----- DATA EXTRACTS -----

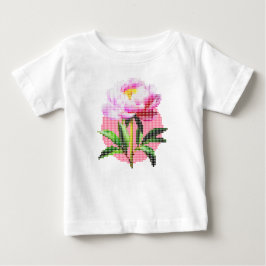 Camiseta De Bebé Flor de Peonía Rosa con Mosaico de Puntos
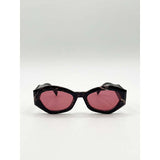 SVNX retro polygonal cat-eye sunglasses red, imported from the UK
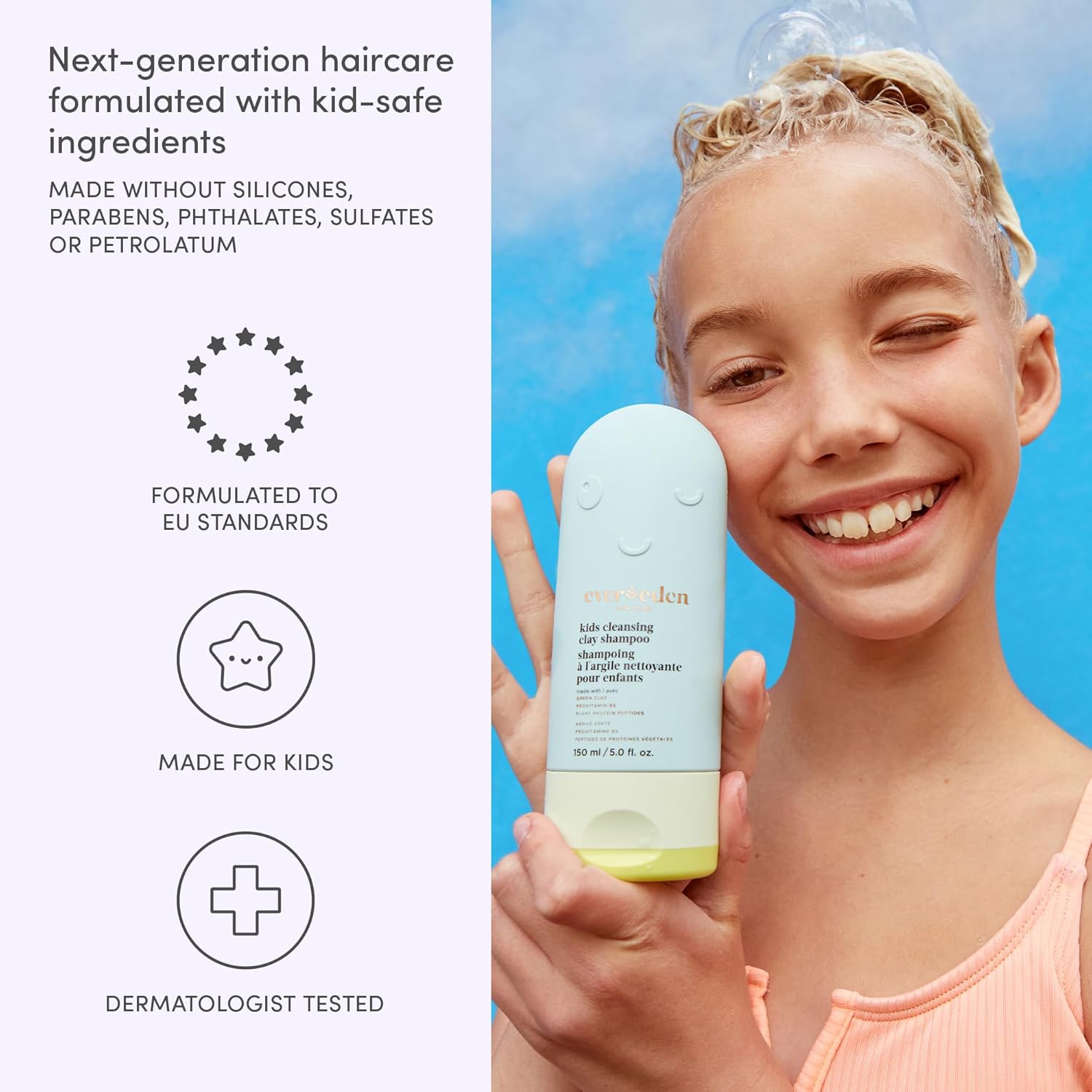 Evereden After Swim & Sports Kids Shampoo: With Cleansing Clay and Kids Conditioner Detangler set | Made With Clean and Non-toxic Ingredients | Any Hair Type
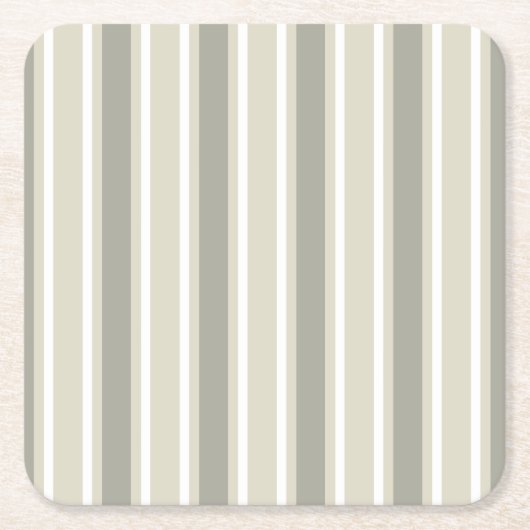 Beige snoepjes strepen kartonnen onderzetters (Voorkant)
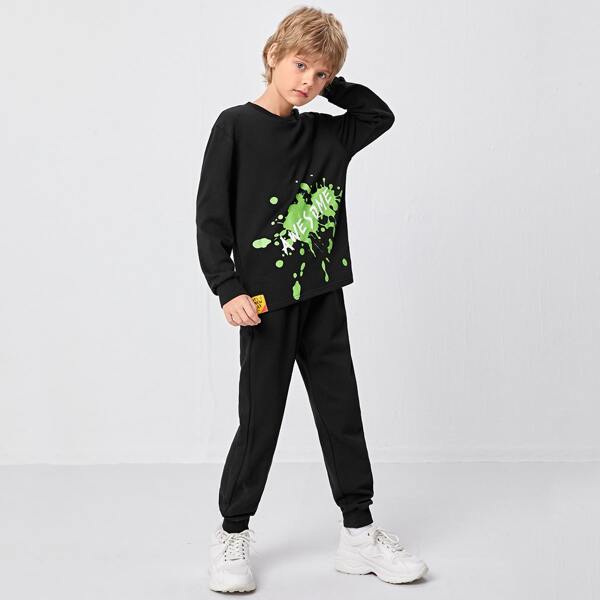 

Boys Letter and Splash Print Hoodie and Joggers Set, Black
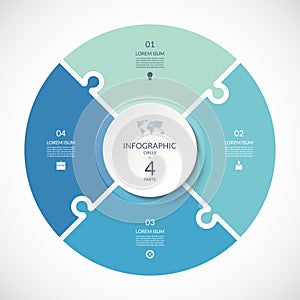 Vector infographic puzzle circular template. Cycle diagram with 4 parts, options.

-----

WHAT YOU SHOULD DO –
Once the pictures are set aside, reproduce the records in full and exactly.

RESPONSE –
 Camiseta De Bebé Flor de Peonía Rosa con Mosaico de Puntos
 SVNX retro polygonal cat-eye sunglasses red, imported from the UK
 Evereden After Swim & Sports Kids Shampoo: With Cleansing Clay and Kids Conditioner Detangler set | Made With Clean and Non-toxic Ingredients | Any Hair Type
 Beige snoepjes strepen kartonnen onderzetters (Voorkant)

Boys Letter and Splash Print Hoodie and Joggers Set, Black
 Vector infographic puzzle circular template. Cycle diagram with 4 parts, options.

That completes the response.